Most people spend without putting thought to their purchases. A good debt reduction strategy is to use a budget. Starting by listing all of your debts, your budget will determine how much you can devote to a plan for savings, spending and most importantly reducing your debt.
• Expect the unexpected.
Build a cash cushion worth three months to six months of living expenses in case of an emergency. If you do not have an emergency fund, unexpected incidents such as a broken freezer or damaged car, can seriously upset your finances.
• Record keeping.
Create a file in which you keep careful track of debts accumulated along with an idealized payoff plan. Record keeping is the sure-fire way of controlling one’s finances and debt.
• Formulate a Debt-pay off plan
In embarking upon a debt reduction plan, it must be decided which debt ought to be paid off. It is advised that one tries to pay off “bad debt(s)” first.
• Seek help!!!
If you are encountering difficulty repaying your debts, inform your financial institution as soon as possible. These institutions may be able to make adjustments to suit your financial situation by modifying your repayment plan (s).

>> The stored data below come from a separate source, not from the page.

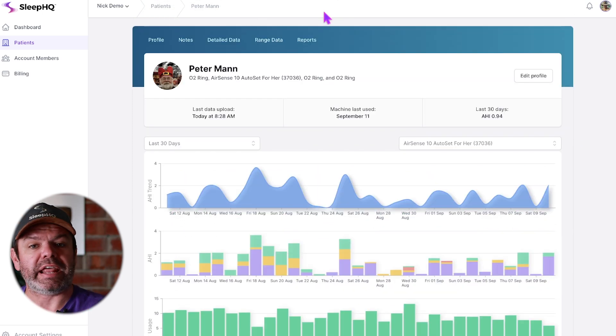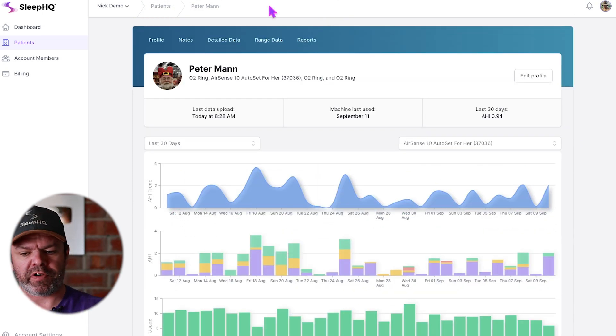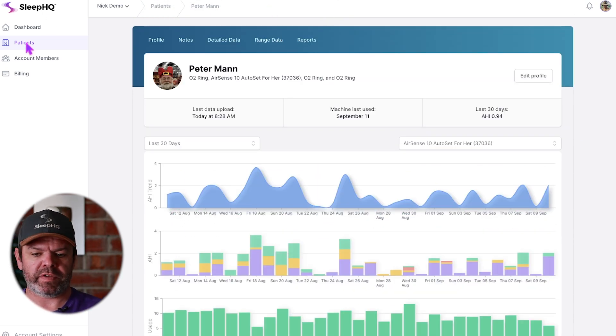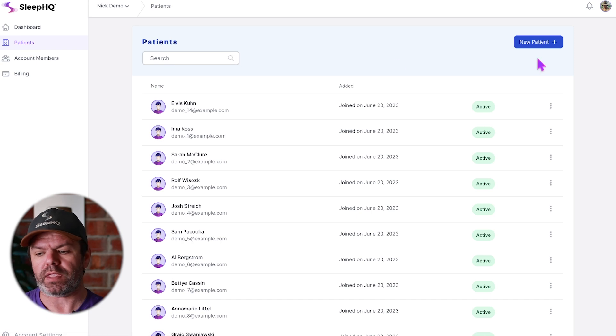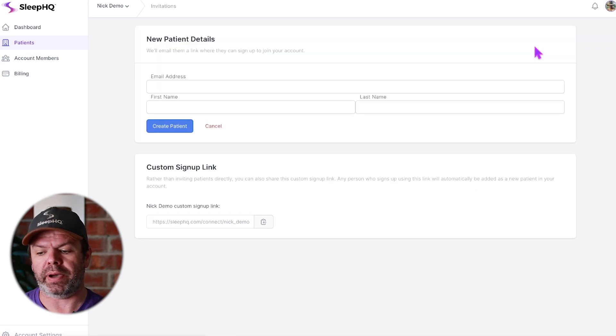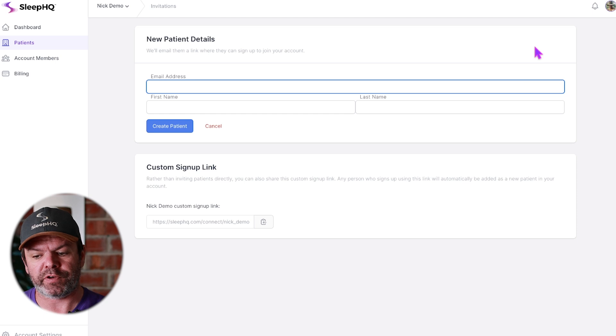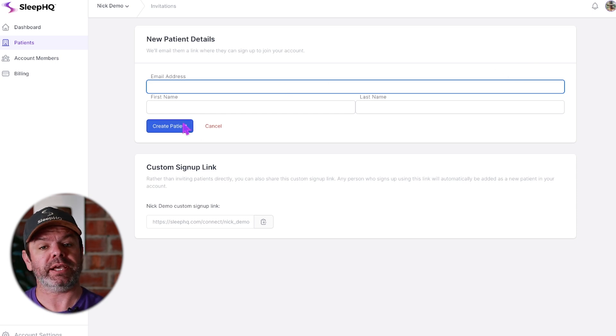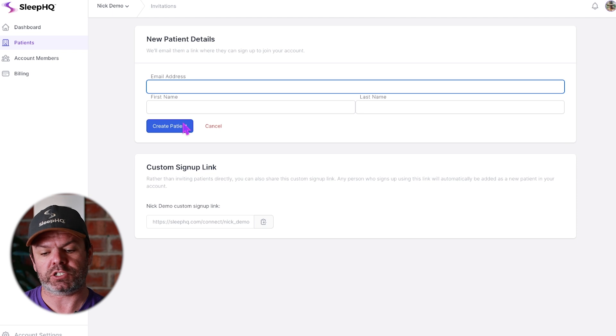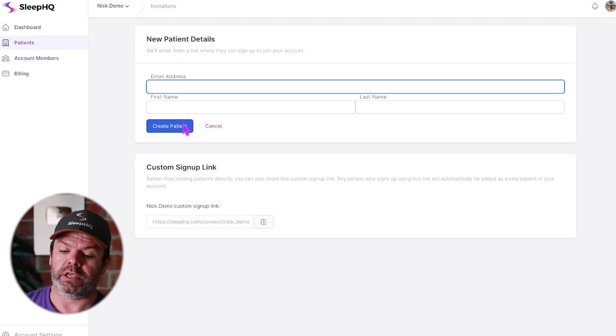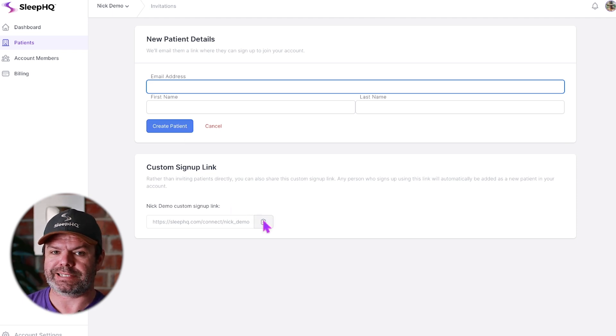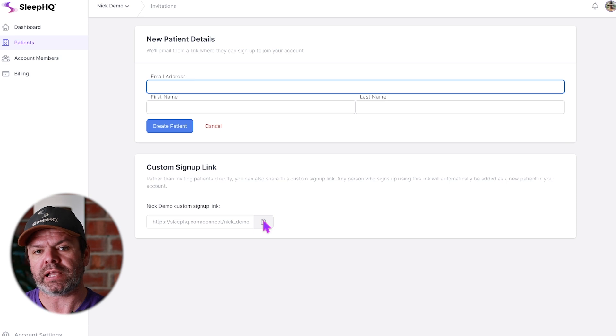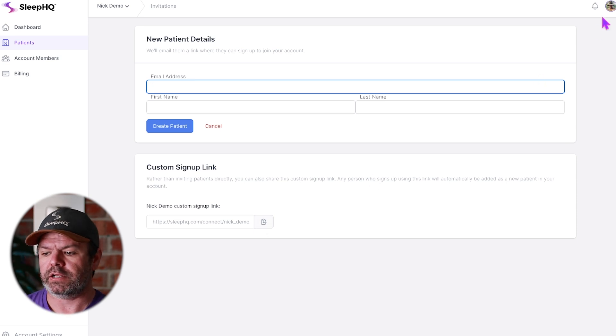Now if you want to add a new patient, it's very easy. Come over here to the patients tab and click New Patient. Type in their email address, first name, and last name, and click Create Patient. This will send them an email to sign up to Sleep HQ, or you can just copy this link down here and send that link. When they click that link, I'll show you what it looks like.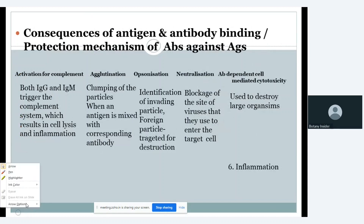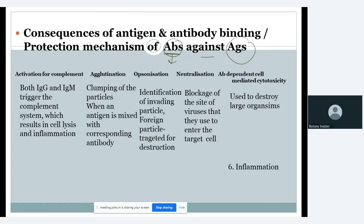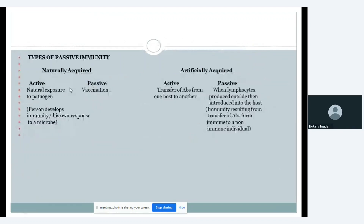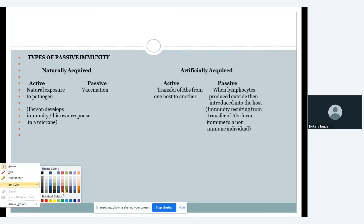Now we have the consequences of antigen-antibody binding — the protection mechanisms of antibodies against antigens. Abs refers to antibodies and Ags refers to antigens. The various protection mechanisms describe how antibodies protect against antigens. The first one is the activation of the complement system — both IgG and IgM are involved. We'll study IgG and IgM in the next part.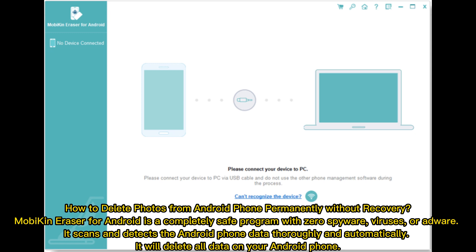How to delete photos from Android phone permanently without recovery? Mobikin Eraser for Android is a completely safe program with zero spyware, viruses, or adware. It scans and detects the Android phone data thoroughly and automatically. It will delete all data on your Android phone.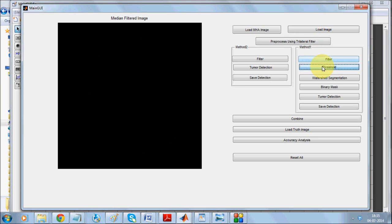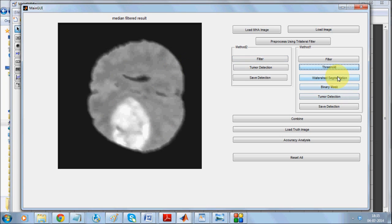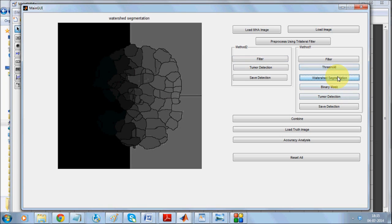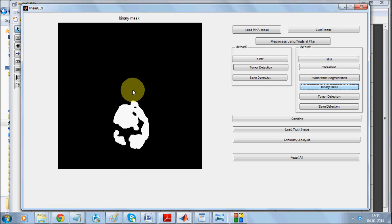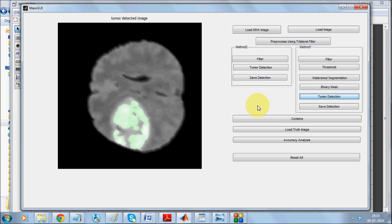I'll apply a median filter and threshold so that the median filter produces some result like this. I'm going for watershed segmentation and post watershed segmentation, going for a binary mask. Now as you can see this has detected a much bigger area than the previous method. We'll go for tumor detection and save it.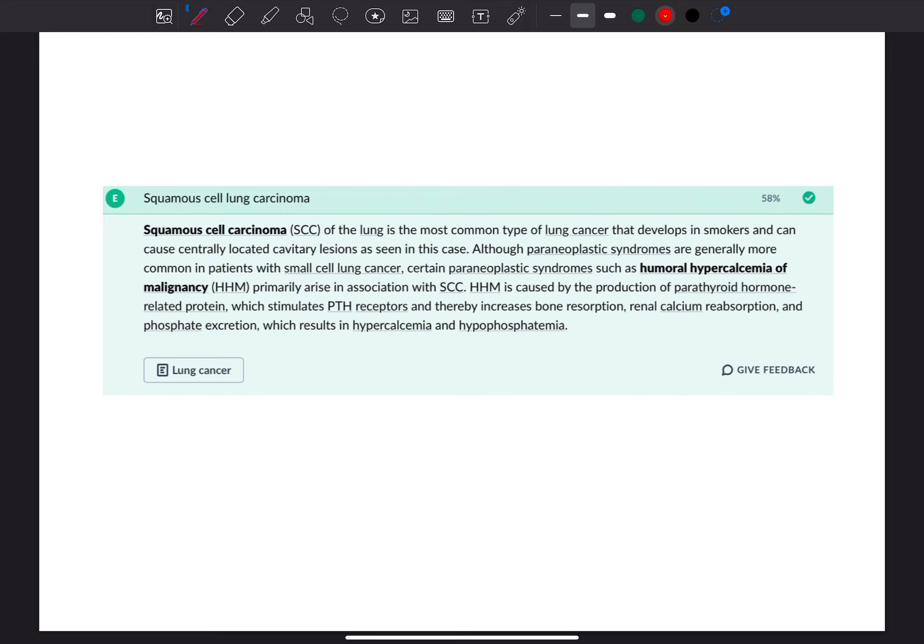Although paraneoplastic syndromes are generally more common in patients with small cell lung cancer, paraneoplastic syndromes such as humoral hypercalcemia of malignancy primarily arise in association with squamous cell carcinoma.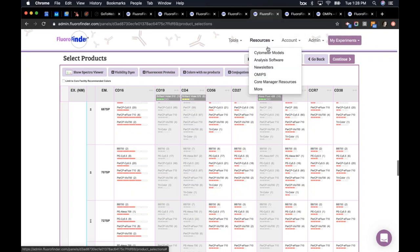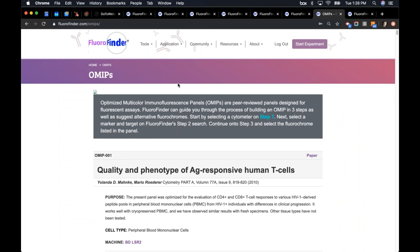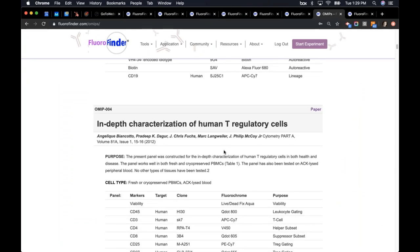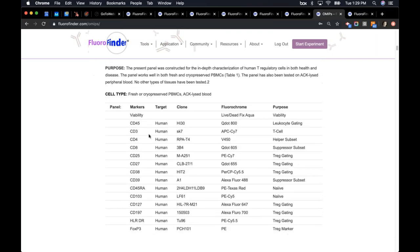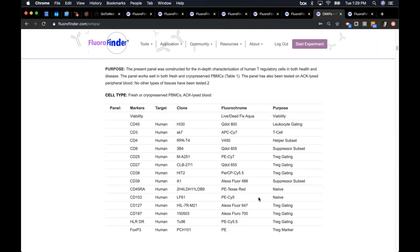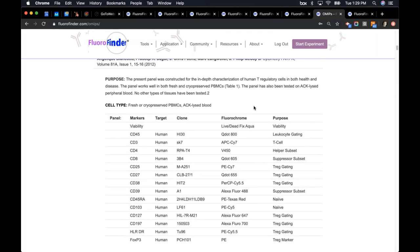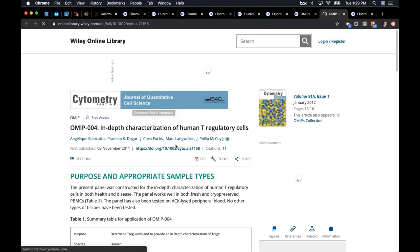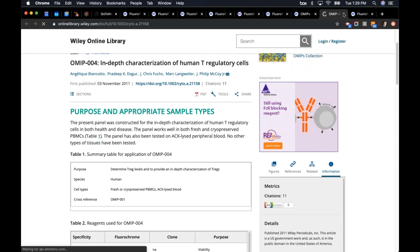That's the main functionality of FloraFinder. In the resources page, there's information on cytometer models, analysis software, historic newsletters, and core manager resources. In particular, the OMIPS page has been one of our most appreciated features. All the published OMIPS are accessible directly from FloraFinder. If you happen to be doing an in-depth characterization — like human T regulatory cells — on a specific machine, you can use an OMIPS as a starting point for your panel and make adjustments from there.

• Monitor your money’s final resting place
Identify where your money goes by tracking spending over a period of time and eliminating unnecessary expenses, is another way of emerging from debt.
5. How to stay out of Debt?
One of the most effective ways to avoid any future debt problems is to learn to manage your finances consistently and exercise proper money management practises.
Despite the fact that it may seem like a daunting task, your debt management strategy need not be too complicated.
Here are some simple tips:
• Save as much as you can!
One never knows when it’s going to rain, financially speaking, so develop and sustain a good saving habit. A financial rule of thumb is that you ought to be saving at least ten percent of your monthly salary.
• Get priorities in order!
Know your monthly expenses, prioritize them and ensure that funds are allocated for savings. Develop this into a habit and you will surely remain debt free.
• Investigate before you borrow!
Comparison shop to find the best money bargain available, whether you’re shopping for money from a financial institution or applying for a new credit card, or simply purchasing an item.
• Once rid of debt, commit to debt free living!
Once one is aware of the mistakes made which caused debt in addition to being able to identify debt symptoms, use knowledge acquired to implement the cure to as a life lesson to maintain debt free living.
In light of what we have covered in the article, to sum it up here are some salient tips that all persons can follow:
6. Core Debt Management Tips
Use any extra cash – whether it is savings, bonuses, extra pay checks, lottery winnings -- to pay debts.
Keep records of credit card purchases, and a plan to pay for the item(s).
Although one is required to make a monthly minimum payment, set a goal for paying major credit card debts (i.e. appliances) within a specific time frame like three to six months.
Eat at home when possible. Avoid buying fast food and dining out too often.
After one’s debts/bills are paid, allot a specified certain amount of cash for entertainment, shopping etc. When the cash is done, so too is the fun!
Make extra loan payments if possible.
Do ‘debt checks’ at intervals to keep track of how you’re going.
Limit yourself to one credit card. Cancel all addition credit cards except the one with the lowest rate.